» ACTIVITY
Only the lines from the one containing "画像2: 【SALE】 60's カーリング柄 カウチンニットジャケット (2)" through the final line below belong in the output, copied exactly and without pictures.

» RECORDS PROVIDED
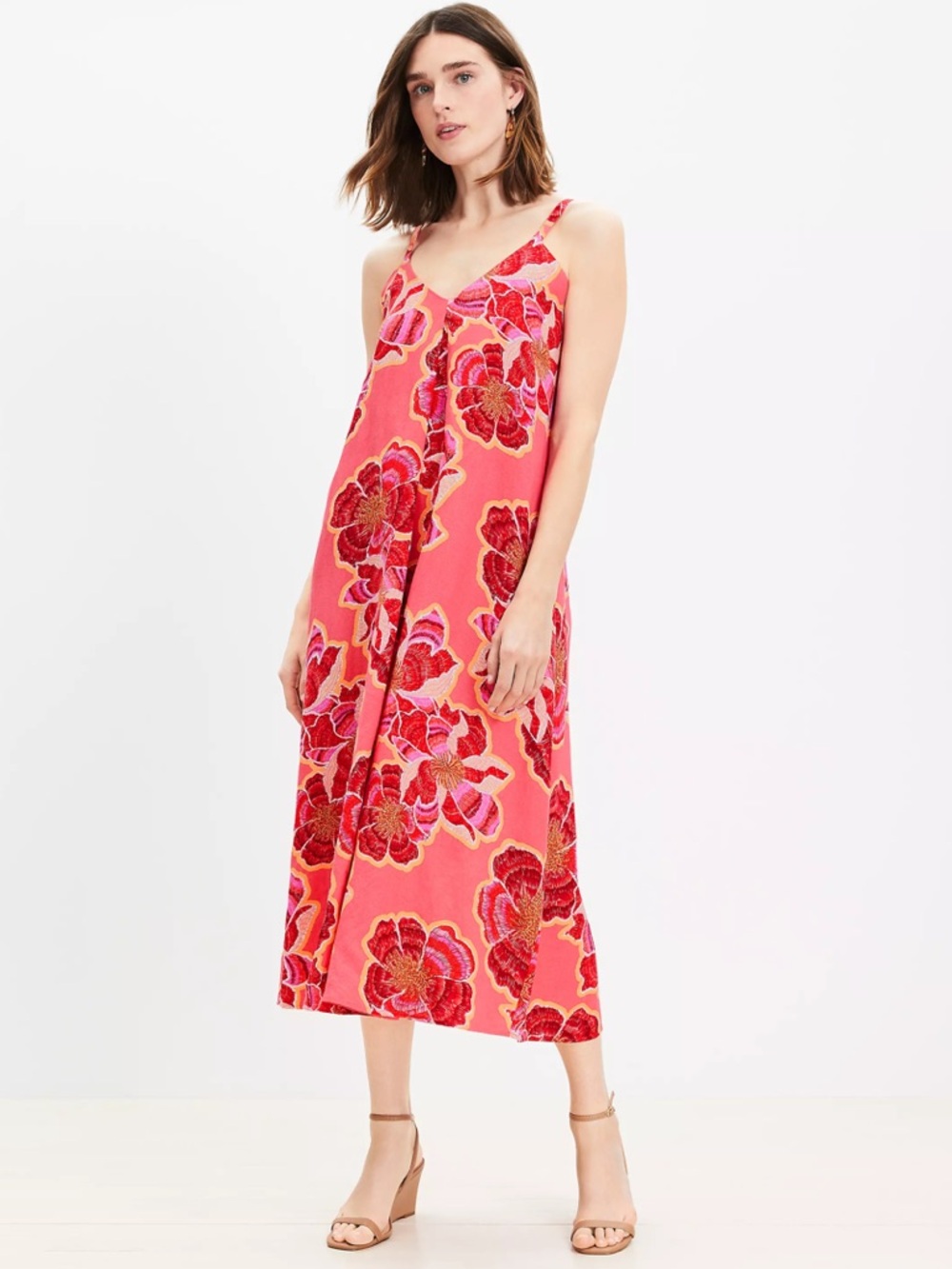 ⚡️Like-New⚡️LOFT Pink Floral Midi Dress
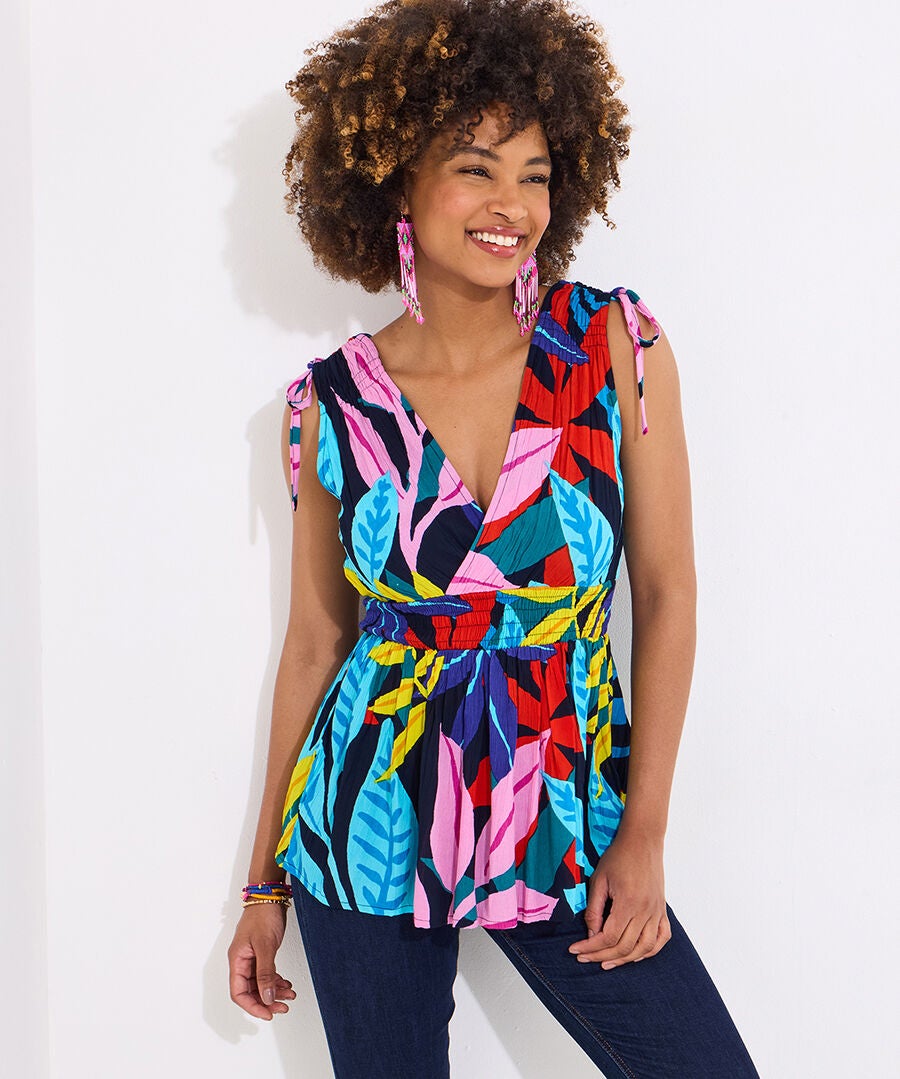 Faux Wrap Peplum Top, MULTI PALM LEAVES, alternate image number 4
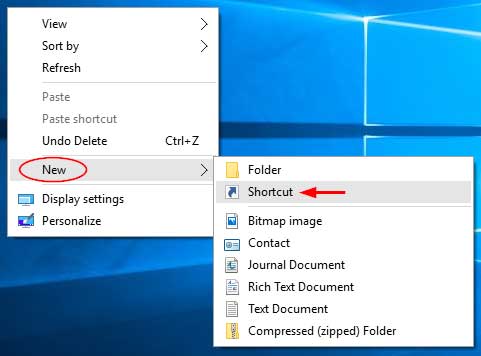 create desktop shortcut
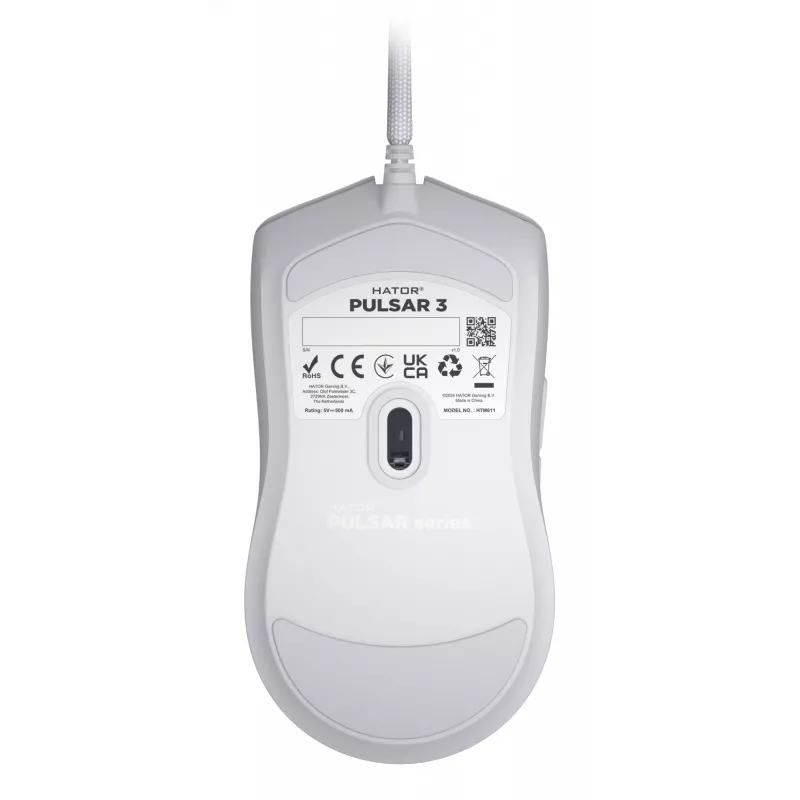 Mouse HATOR Pulsar 3 Optical Yellow 12000 DPI 6 Buttons White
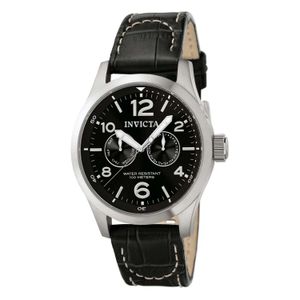 Reloj  Invicta 0764 Clasico Hombre Fechador 2 Esferas Piel- Negro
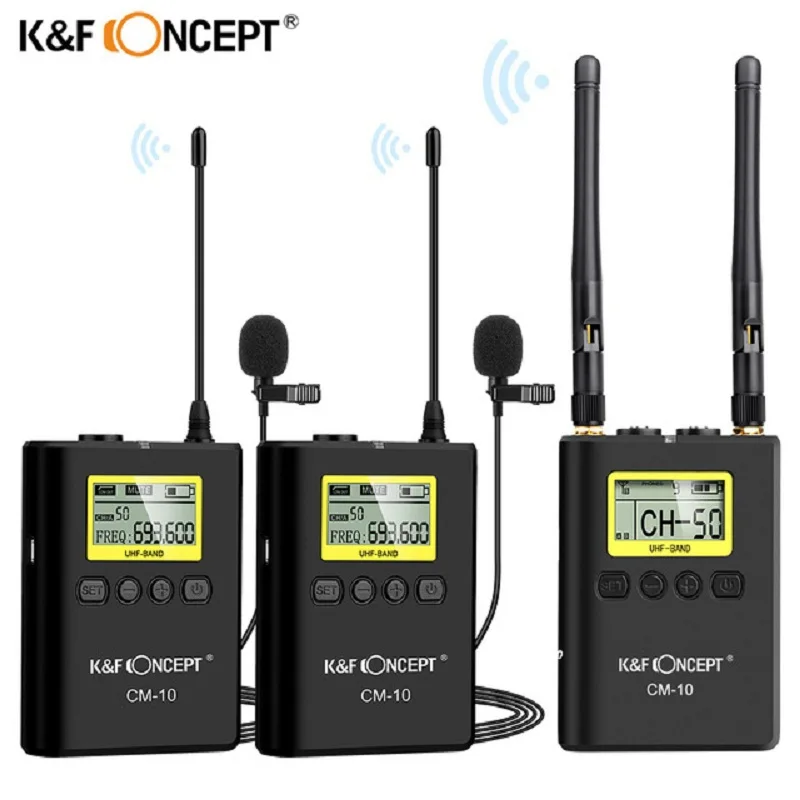 Профессиональный беспроводной микрофон K & F Concept 100 м 2 передатчика для цифровой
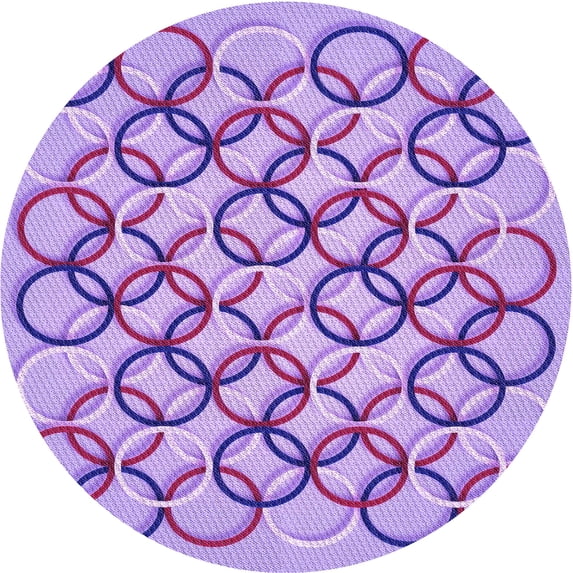Ahgly Company Indoor Round Patterned Mauve Purple Area Rugs, 5' Round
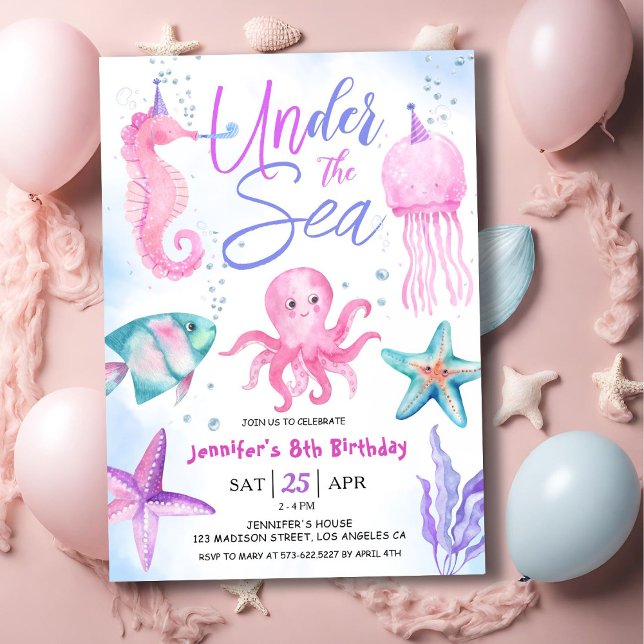 Invitation Sous La Mer ! 8e anniversaire fille rose océan (Créateur téléchargé)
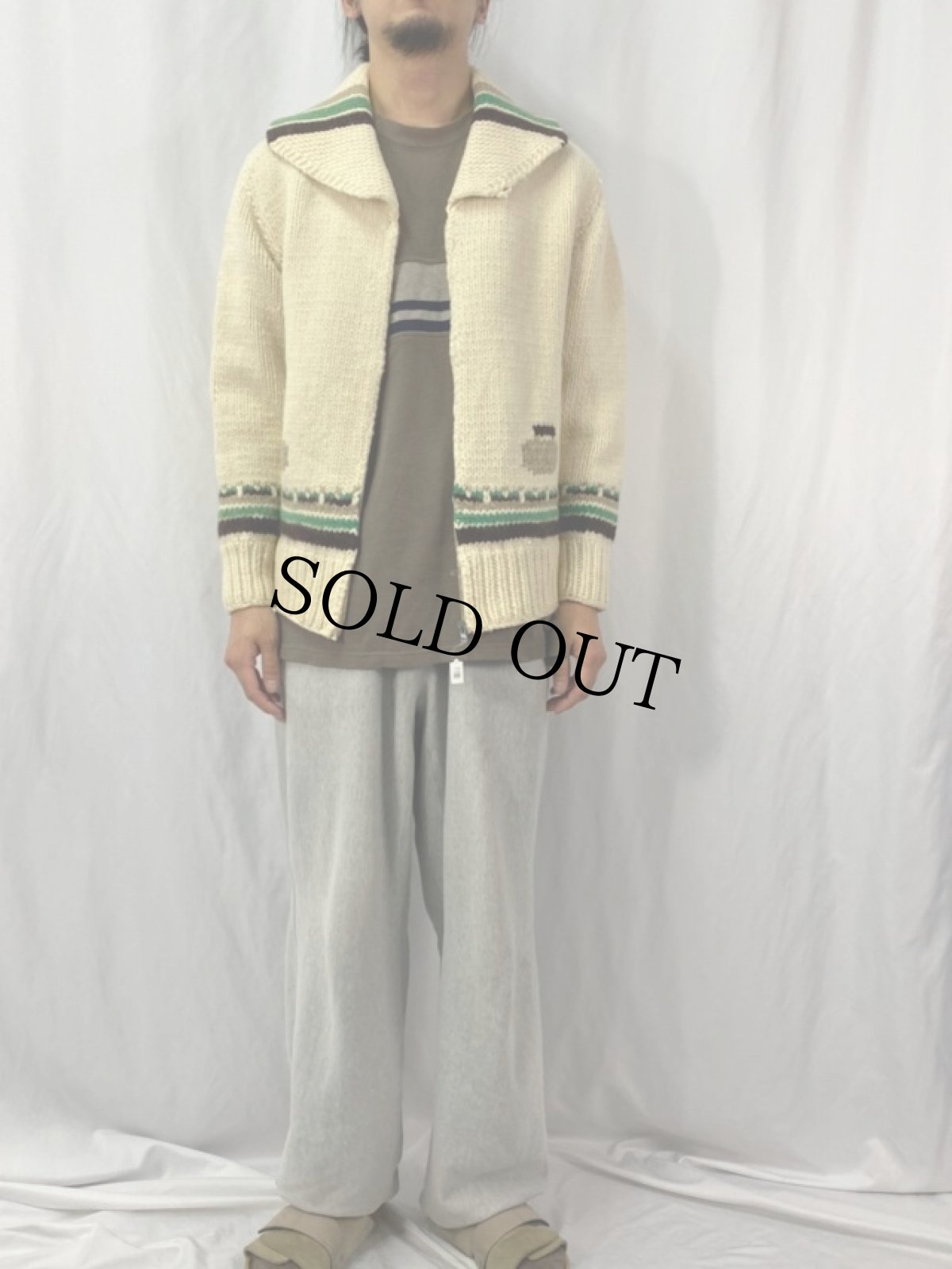 画像2: 【SALE】 60's カーリング柄 カウチンニットジャケット (2)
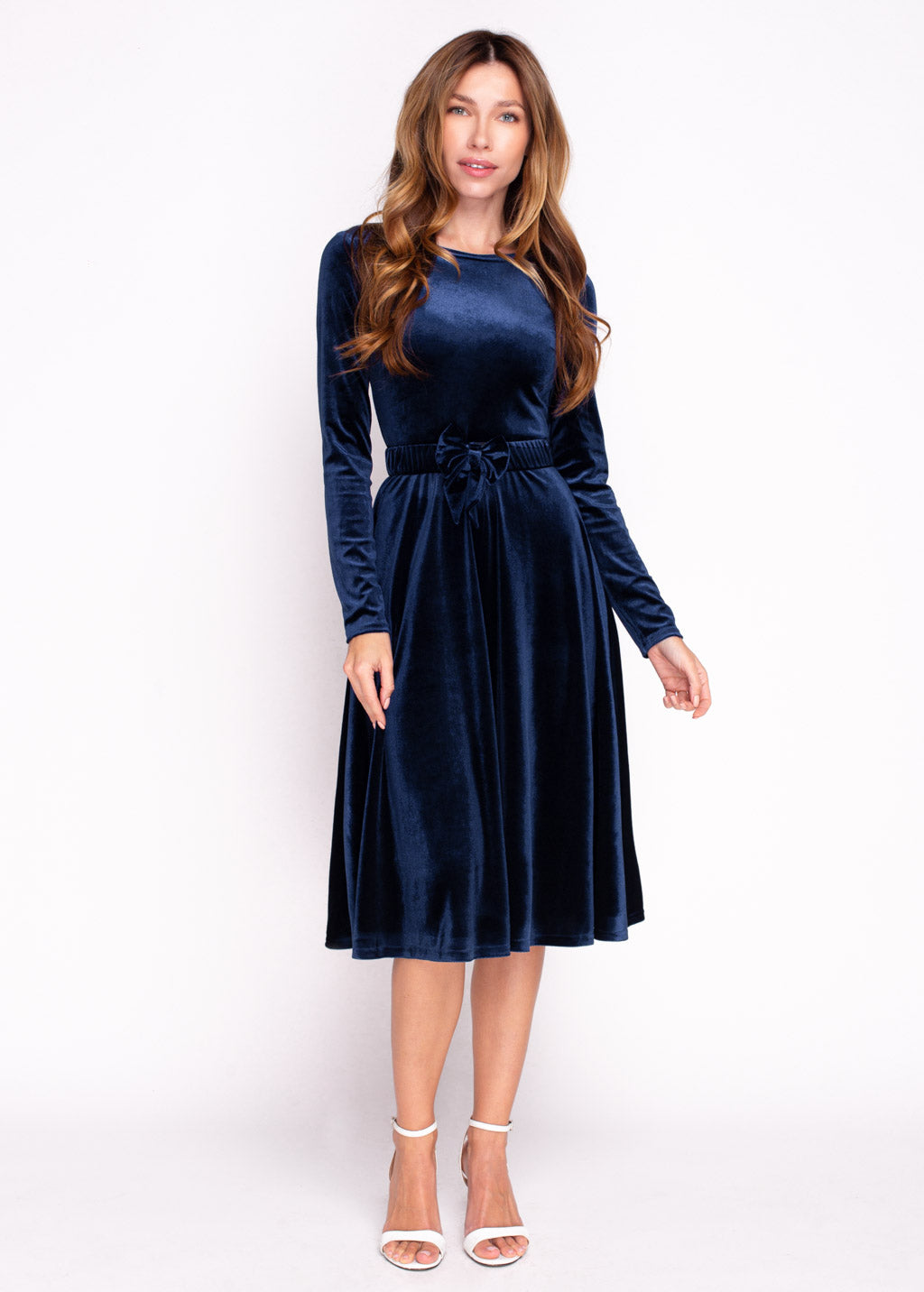 Mommy and me navy blue velvet adult dress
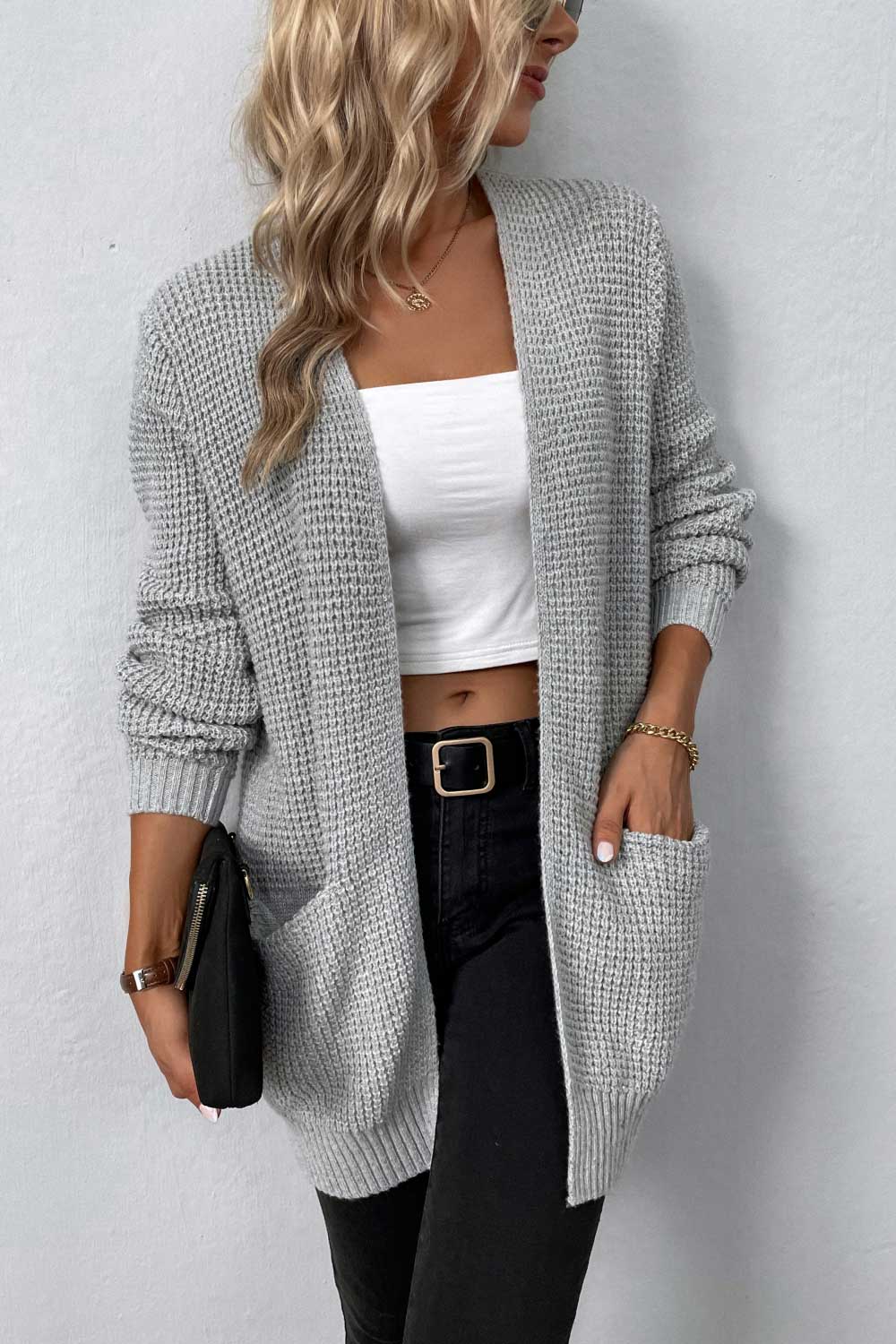 swvws Rib-Knit Open Front Pocketed Cardigan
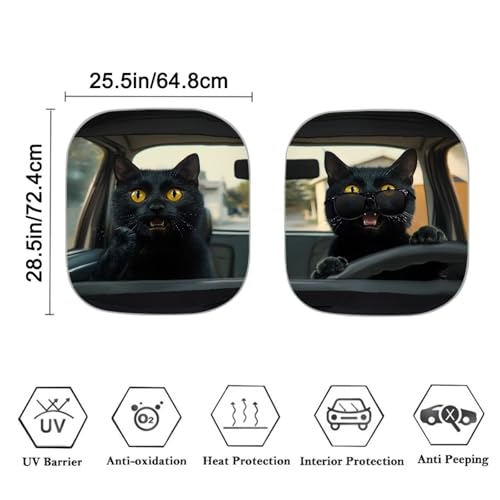 Image of Funny Black Cat Car Front Windshield Sun Shade 2-Piece Foldable Car Windshield Sun Shade UV Rays and Keeps Vehicle Cool Easy to Install for Most Sedan Truck SUV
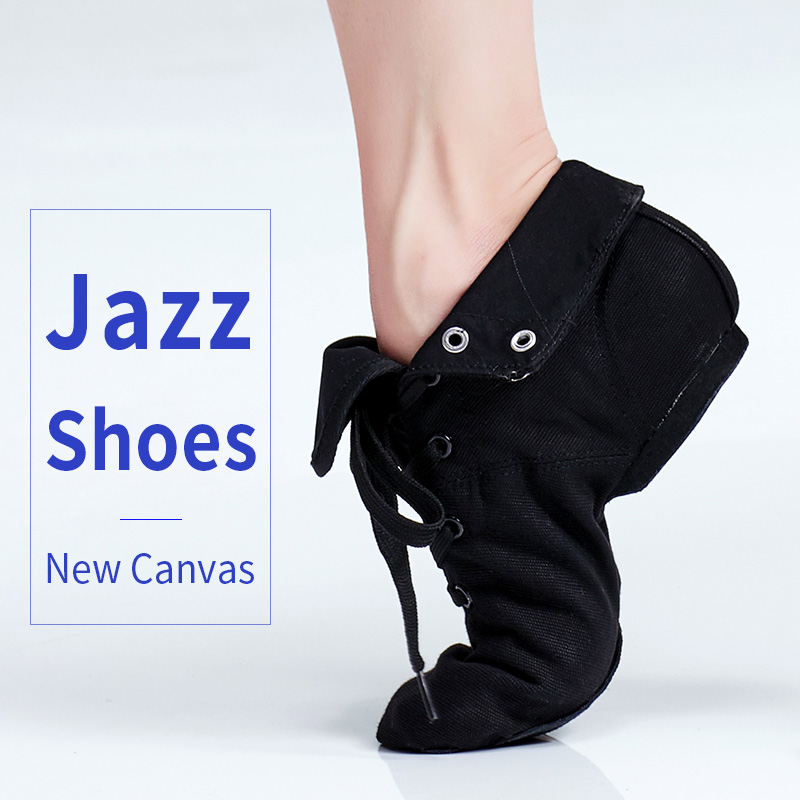 Jazz-Schuhe, Segeltuch, Jazz-Tanzschuhe, knöchellange Tanzstiefel, geteilte Sohle, Schuhe für Mädchen, Kinder, Erwachsene, Kinder, China, Größe 26–45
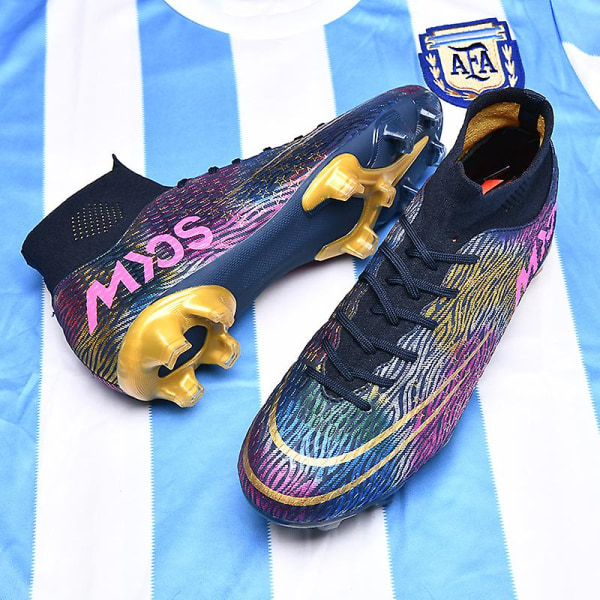 Fotbollsskor för män Halkfria fotbollsskor Klossar Gräs Fotbollssneakers Yj332A Black 42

» RESPONSE AREA
 画像2: 【SALE】 60's カーリング柄 カウチンニットジャケット (2)
 Mommy and me navy blue velvet adult dress
 swvws Rib-Knit Open Front Pocketed Cardigan
 Image of Funny Black Cat Car Front Windshield Sun Shade 2-Piece Foldable Car Windshield Sun Shade UV Rays and Keeps Vehicle Cool Easy to Install for Most Sedan Truck SUV
 Jazz-Schuhe, Segeltuch, Jazz-Tanzschuhe, knöchellange Tanzstiefel, geteilte Sohle, Schuhe für Mädchen, Kinder, Erwachsene, Kinder, China, Größe 26–45
 Fotbollsskor för män Halkfria fotbollsskor Klossar Gräs Fotbollssneakers Yj332A Black 42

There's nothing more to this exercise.